The complete source code of the Program.cs file of the GrpcServiceDemo project is given in Listing 7 for your reference.

Listing 7: The Program.cs file of GrpcServiceDemo project

using GrpcServiceDemo.Services;

var builder = WebApplication.CreateBuilder(args);

builder.Services.AddGrpc();
var app = builder.Build();

app.MapGrpcService<OrderService>();
app.MapGet("/", () => "Hello World!");
app.Run();

Consume the Order Service

Copy the orders.proto file from the Protos solution folder of the GrpcServiceDemo project to the Protos solution folder of the GrpcClientDemo project. Update the namespace in the orders.proto file of the client project similar to how you updated the namespace of the .proto file in the client project earlier.

Write the source code shown in Listing 8 in the Program.cs file of the client project to connect to the OrderService and invoke the GetOrderAsync method.

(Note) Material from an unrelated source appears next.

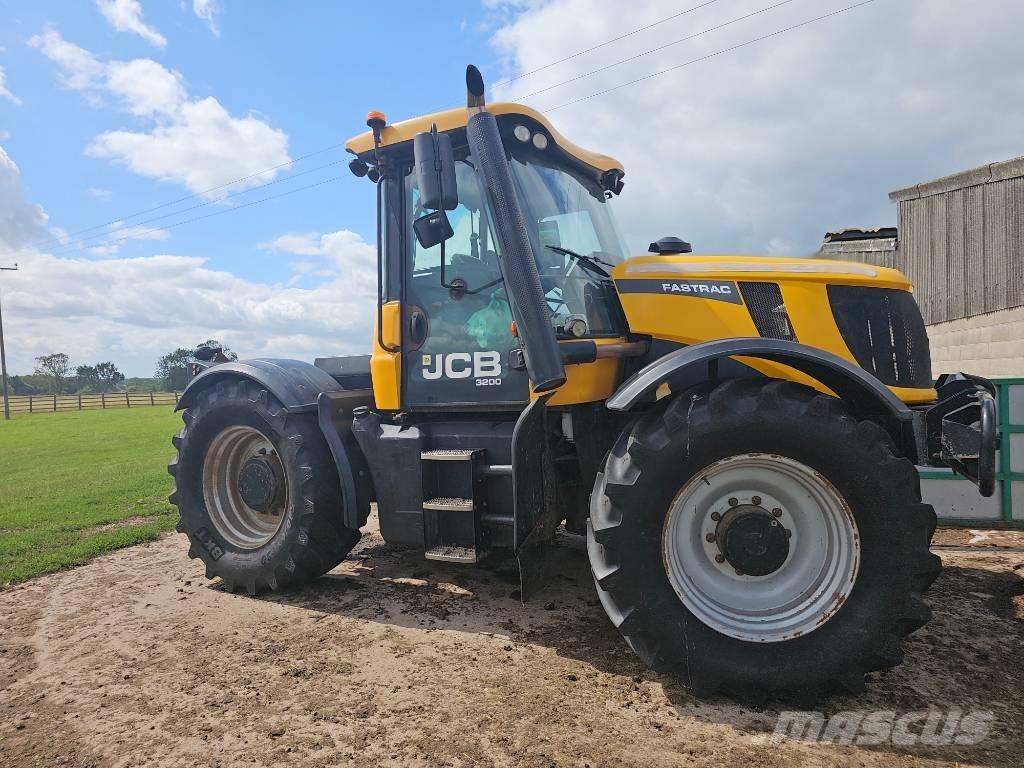 JCB Fastrac 3200 Tractoare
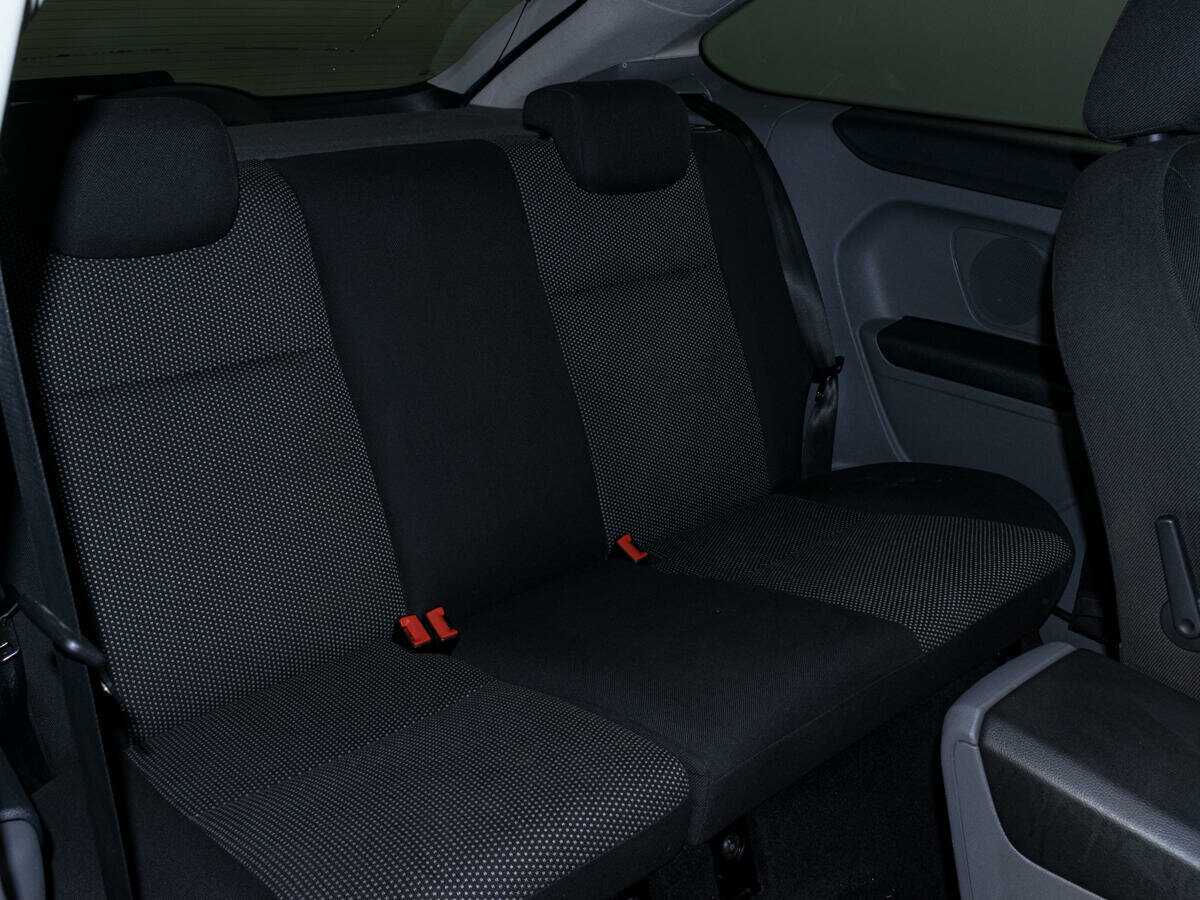 Ford Focus с пробегом — 2010 год. Фото: #10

Listing 8: The Program.cs file of the GrpcClientDemo project

using Grpc.Net.Client;
using GrpcClientDemo;

var data = new OrderRequest{ OrderId = 1 };
var grpcChannel = GrpcChannel.ForAddress("https://localhost:7135");
var client = new OrderProcessing.OrderProcessingClient(grpcChannel);
var response = await client.GetOrderAsync(data);
Console.WriteLine("Order Quantity: {0}", response.Order.OrderQuantity);
Console.ReadLine();

Execute the Order Processing Server and Client Applications

When you execute the Order Processing Server and Client applications, the output will be similar to Figure 9.

Figure 9: Displaying the order quantity of the order having OrderId as 1
Figure 9: Displaying the order quantity of the order having OrderId as 1

The GetOrderAsync is called from the client application passing the value 1 as the OrderId. This method returns the OrderQuantity of the Order having OrderId as 1. The returned value is then displayed in the console window.

Create Integration Tests to Test the Order gRPC Service

Integration tests are used to test an application on a much broader or wider scope than the unit tests. Although the unit tests are typically used to test snippets of code in your application, integration tests are used to test the application together with its components.

First off, you should define a fixture that contains common code that is shared by your test methods. You can define your TestServer for running the integration tests here. Now create a new xUnit project in Visual Studio 2022 and change the name of the default test file to OrderServiceTests.cs.

You can now take advantage of the source code shown in Listing 9 to test the GetOrderAsync endpoint. Note that you can define the GrpcChannel and the client instances in a Fixture as well.

Listing 9: The GetOrderAsyncTest method

[Fact]public async Task GetOrderAsyncTest()
{
    // Arrange
    var data = new OrderRequest { OrderId = 1 };
    var client = new OrderProcessing.OrderProcessingClient(grpcChannel);

    // Act
    var response = await client.GetOrderAsync(data);

    // Assert
    Assert.NotNull(response);
}

Conclusion

In this example, you've used an ASP.NET 6 Core application to build the gRPC server and a .NET 6 Console client to consume data. You can use ASP.NET 6, Blazor, etc., as the client, i.e., the consumer, as well. Note that gRPC is several times faster than REST, due to which, it's a great choice for inter-service communication in microservice architectures primarily because it's high-performant.